In the halls of the North, amid the popular images of feasting and feats of strength, this was the solemn night of the Mothers. Tonight alone was solely for the family. It was the only night that a stranger needing shelter might be turned away from the door. This is the night that births the coming year, and speaks wisdom and warning to those who can listen. Some stand vigil. Some seek dreams. Some commune. Silent night, Holy night.
If you haven’t yet done so, you’ll likely be decorating with greenery and red berries and why not? Evergreens remind us that life goes on. The tree in our living room- a graceful red cedar, my personal preference- was knocked over in a fortuitous tractor mishap at my brother’s workplace. I’ve brought it inside and decorated it with sparkling glass ornaments and shimmering lights and tinsel to provide a shelter for the spirits on these darkest of nights. It is well occupied. Deck the halls.

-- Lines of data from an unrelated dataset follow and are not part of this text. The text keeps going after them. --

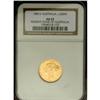 Image 3 : Victoria gold 1/2 Sovereign 1881S, KM5, AU53 NGC RBA, g 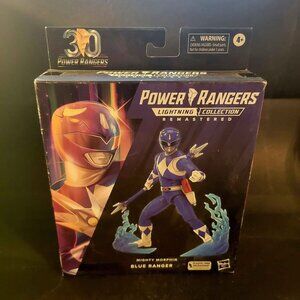 Hasbro Power Rangers Lightning Collection Remastered Mighty Morphin Blue Ranger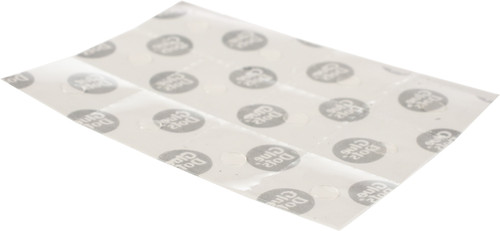 Glue Dots .1875" Mini Dot Sheets Value Pack-600 Clear Dots 32634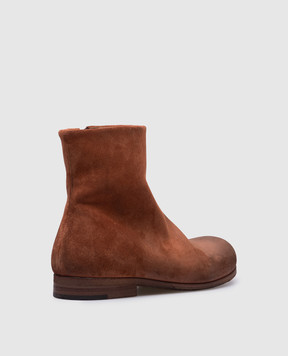 Marsell Capozucca brown suede boots MW8295141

The days will pass and the light will slowly begin to return, first only a few minutes, then more, growing back to the overpowering force that drives spring and summer and all agriculture. But that is months away. For now, Winter is only just setting in. The growing light whispers a promise into the frigid air that eventually, all will come around again. We will tell the stories of spring even as we now tell the stories of Winter, with perchten and Frau Holle and the Hunt and the Yule Goat and Oaths over the boar’s cooked flesh and about our Gods and our Ancestors. Sing we now of Yuletide.
I wish you a season of abundance and joy. I wish you the sacredness and rejuvenation of darkness. I wish you the illumination and vitality of light. I wish you wise counsel. I wish you beauty. I wish you stories and songs and presents and the presence of what matters. I wish you a happy Yule season and a prosperous New Year.